But how did the other Zayn, the original fake one with the possible solo deal, take this hit to their precarious future? The boys snickered. “He’s used the publicity for himself,” said one. “He was everywhere,” said another. “I think a lot of people wanted to speak to 1D about the split and couldn’t get to them, so they came to us, the next best thing. He used it to his advantage and said, ‘Well, I’m a singer-songwriter and here’s my stuff.’”

This other Zayn is Jamie Searls. He spent the weeks after the split was announced appearing on radio shows, This Morning, BBC Newsbeat and Daily Mail. The promotion the boys talk about is for his new single, “Doing Time”. “He’s a bit of a character,” they laughed, side-eying each other.

Whether you see your place in the biggest 1D tribute band in the world as a hush-hush cash job or a career springboard, it’s a complex thing. You’re really promoting another star more than you are yourself. And by looking essentially nothing like them, they have to win an audience over. “99% of people enjoy the show. We do get a few crazy 1D fans who don’t,” one of them said. “They get angry because they think we’re trying to be them.”
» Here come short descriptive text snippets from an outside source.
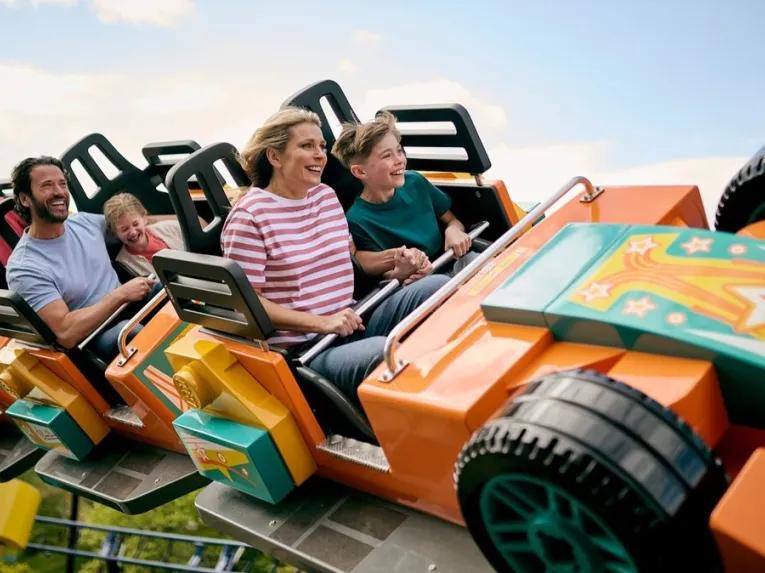 Legoland Windsor Speedway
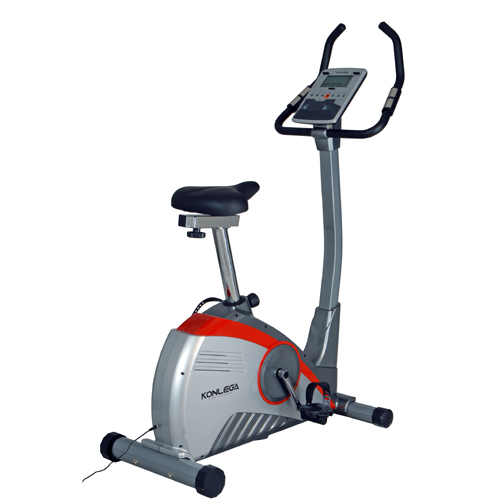 K-8702I时尚型轻商用豪华电控磁控车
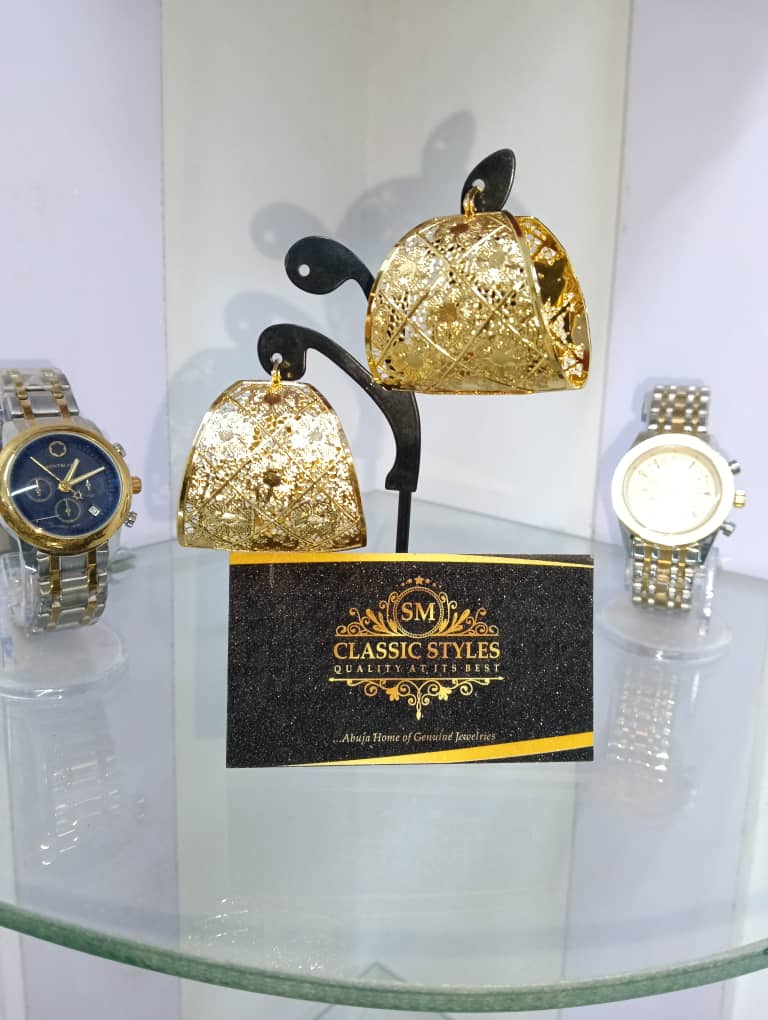 SM CLASSIC STYLES (tel... 08131072505) - Image 3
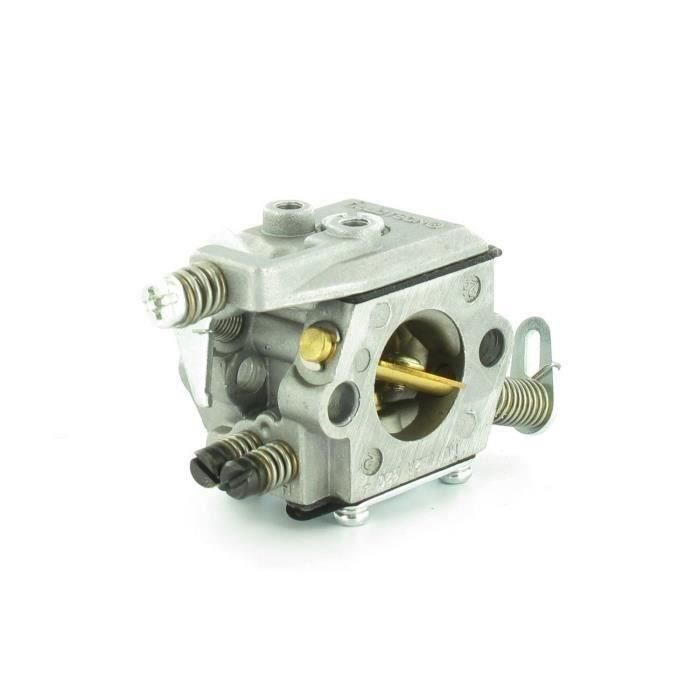 Carburateur d'origine TILLOTSON HU132A - Pour modèles STHIL 021, 023, 025, MS210, MS230, MS250, MS250C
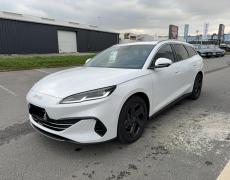 BYD Seal Cherbourg-en-Cotentin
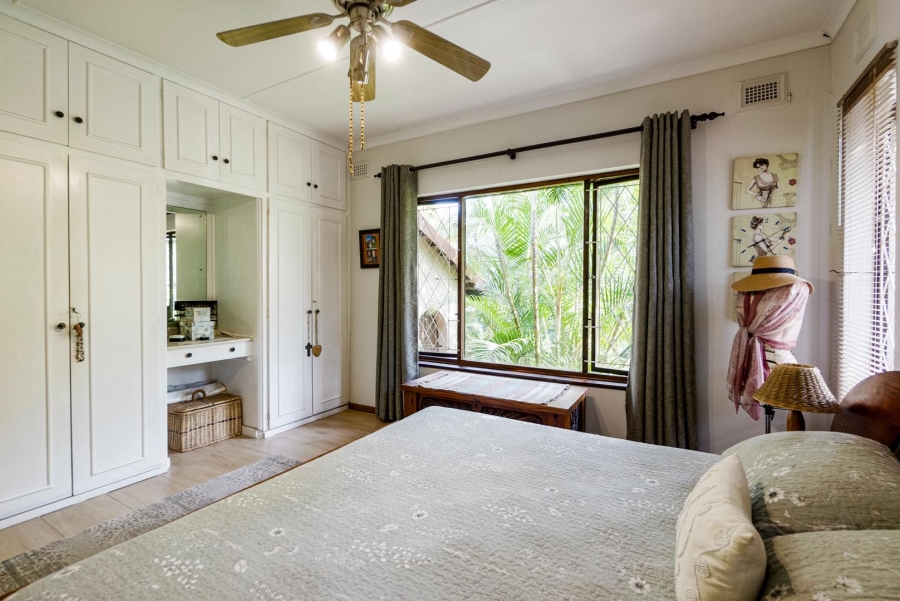 4 Bedroom Property for Sale in Amanzimtoti KwaZulu-Natal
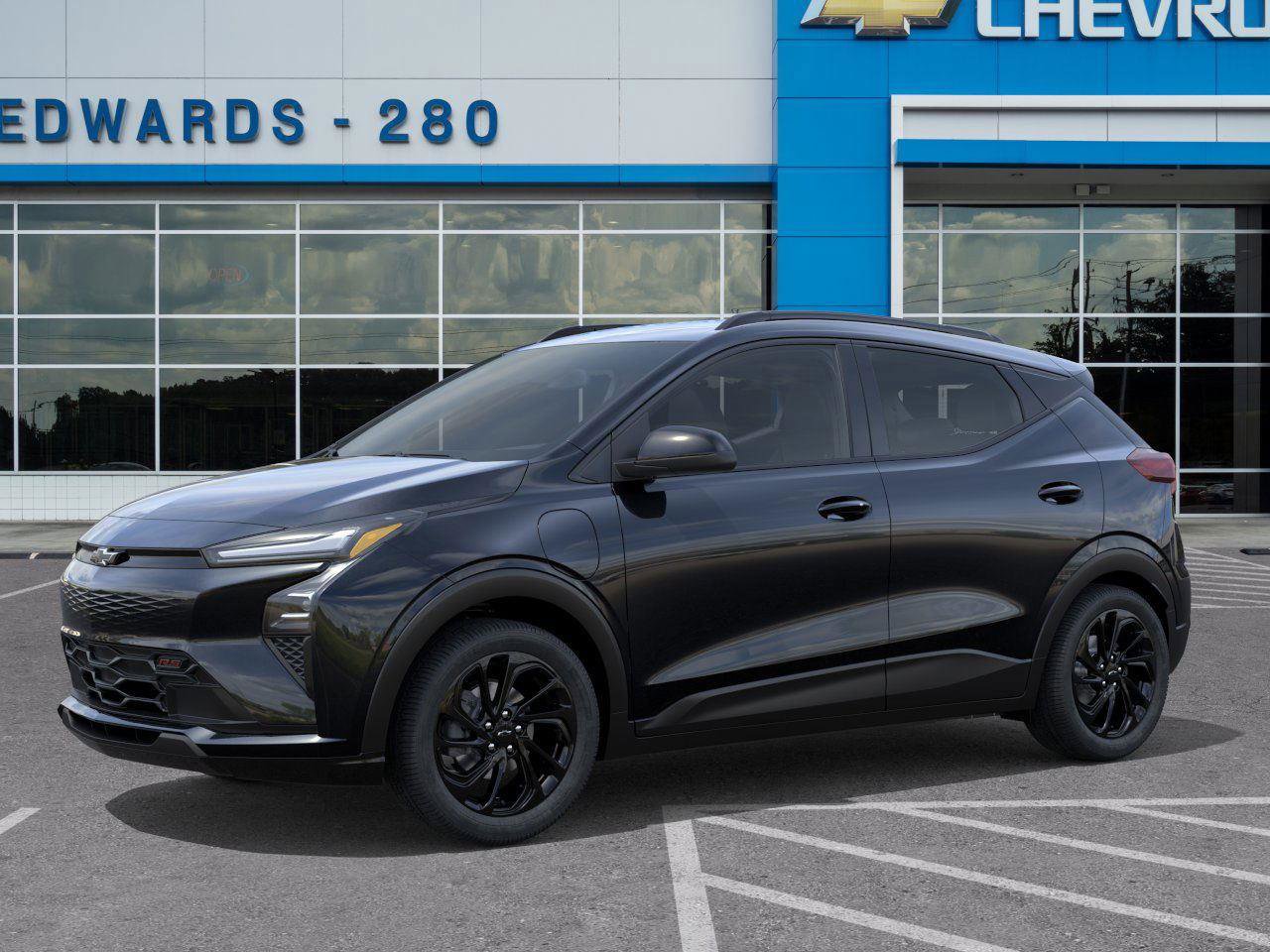 New 2027 Chevrolet Bolt RS image 2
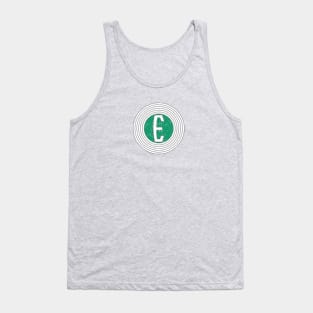 Edsel Tank Top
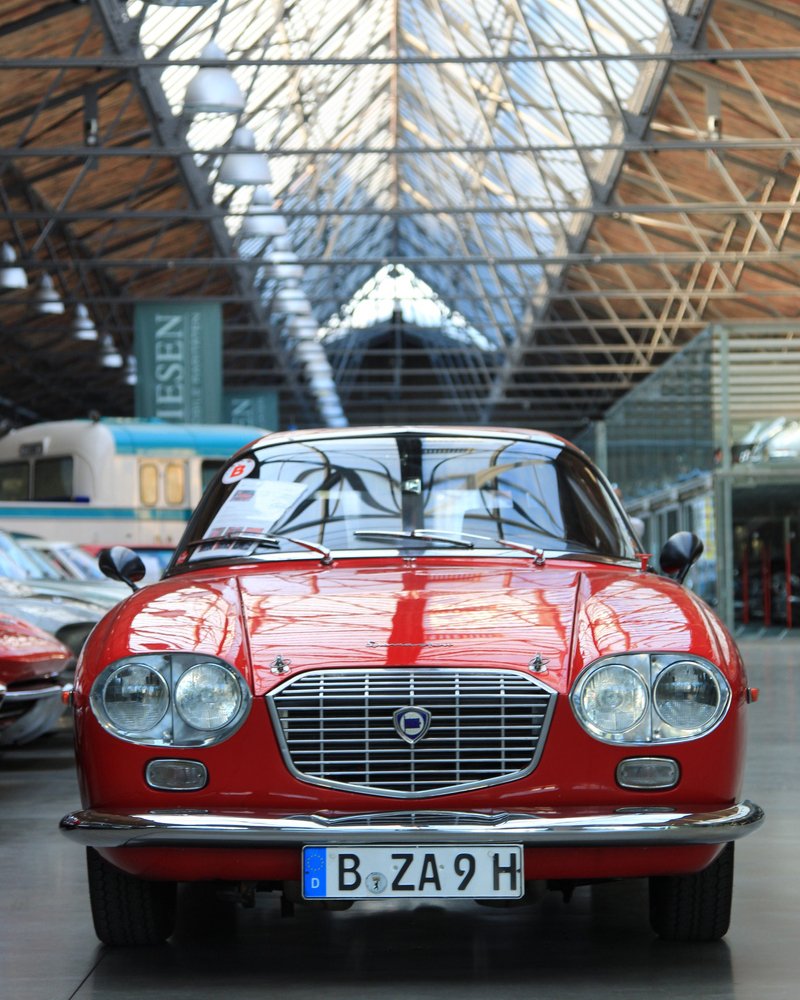 Photograph by Konstantin Morozov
But this is the biggest tribute band in the world. They have fans of their own now. Intense fans, too. “They have tattoos of us,” one says. I ask who their biggest fan is and they answer in unison: “Up All Night Sue”. ‘Up All Night Sue’ is a mum, Sue Watkinson, who brought her 1D fan daughter to one of their shows one night, and never looked back. “They let you know if they’re coming,” Matt Faul, 24, who plays Niall says. “Sue’s not coming today.”